Lot’s of material there, which I am not going to go into in this short post, so let’s cut to the strategies to address this situation.

This loss of its audience can be addressed by the museum in many ways. Opening museums up to more people (no entry charges, etc.) provides one solution – which provides the potential to educate a new group of people in the museum’s ways. But this doesn’t change the museum itself in the other direction, a failing which I think could be fatal. The museum is attempting to adapt people to become its audience, but not adapting itself to its people and their new ways of looking.

Again, a very insufficient ending to a subject I find very interesting, and which will resurface in the future, no doubt.

Slow looking

Some extracts from Michael Kimmelman’s article in last weekend’s NYT lamenting the demise of the slow observation of art, with some brief comments:

…What exactly are we looking for when we roam as tourists around museums?…

A few game tourists glanced vainly in guidebooks or hopefully at wall labels, as if learning that one or another of these sculptures came from Papua New Guinea or Hawaii or the Archipelago of Santa Cruz, or that a work was three centuries old or maybe four might help them see what was, plain as day, just before them.…

“…plain as day…”? Sorry, surely this is the problem, it’s never plain as day. Visitors need some context to understand the works, or maybe that’s what they should expect from a museum. That’s the “job” of the museum: to provide a place to see works in some kind of context. Kimmelman seems to be suggesting that the visitor should just take what’s “just before them” at face value, which I suppose they could, but it seems that is not providing enough to hold the tourists interest, hence creating the premiss for Kimmelman’s article.

Visiting museums has always been about self-improvement.…

<sighs> I think it would be more accurate to say museums have always been about someone’s idea of improving other people. The Louvre (the subject of this article) being a case in point. When it was opened up to the masses after the French revolution, the displays were adjusted from being the private collection of the king, to being specifically designed to demonstrate and inculcate an idea of France’s place in the world in “the people.”

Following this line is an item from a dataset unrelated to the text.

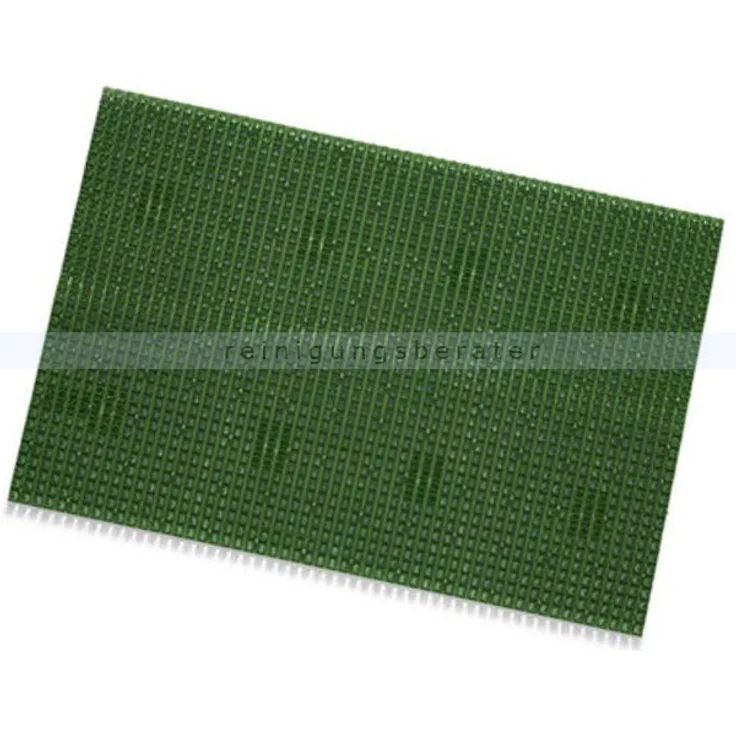 Schmutzfangmatte Nölle Allwetter Grasmatte grün 40 x 60 cm Fussmatte für den Aussenbereich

Cameras replaced sketching by the last century; convenience trumped engagement, the viewfinder afforded emotional distance and many people no longer felt the same urgency to look.…

…the canon of art that provided guideposts to tell people where to go and what to look at was gradually dismantled. A core of shared values yielded to an equality among visual materials. This was good and necessary, up to a point. Millions of images came to compete for our attention. Liberated by a proliferation, Western culture was also set adrift in an ocean of passing stimulation, with no anchors to secure it.

This wistful nostalgia for an overarching ideology to guide our thinking, is a bit sickly. The “liberation” he speaks of will inevitably lead to new ideologies, perhaps ones better suited to the material and the proliferation, in the same way that it will lead to new ways of seeing and presenting art – new museums even. The tourists’ inattention in the Louvre is symptomatic of this change in viewing patterns and its sensible for the museum to try and identify how to address these new patterns.

Slow looking, like slow cooking, may yet become the new radical chic.

That, I think, is wishful thinking. Just because this is how it was in the past, and what museums have been created to cater for, does not mean it will be so in the future, or that museums will be suited to our viewing habits in the future. Our viewing habits adapt, and institutions will be created to serve those habits. Museums which work by “slow-viewing” will still have a place, and will go in and out of vogue as times and tastes change, the definition of “slow-viewing” will also change to meet these new requirements.

Kimmelman, Michael (2009), At Louvre, Many Stop to Snap but Few Stay to Focus,, 3 August 2009.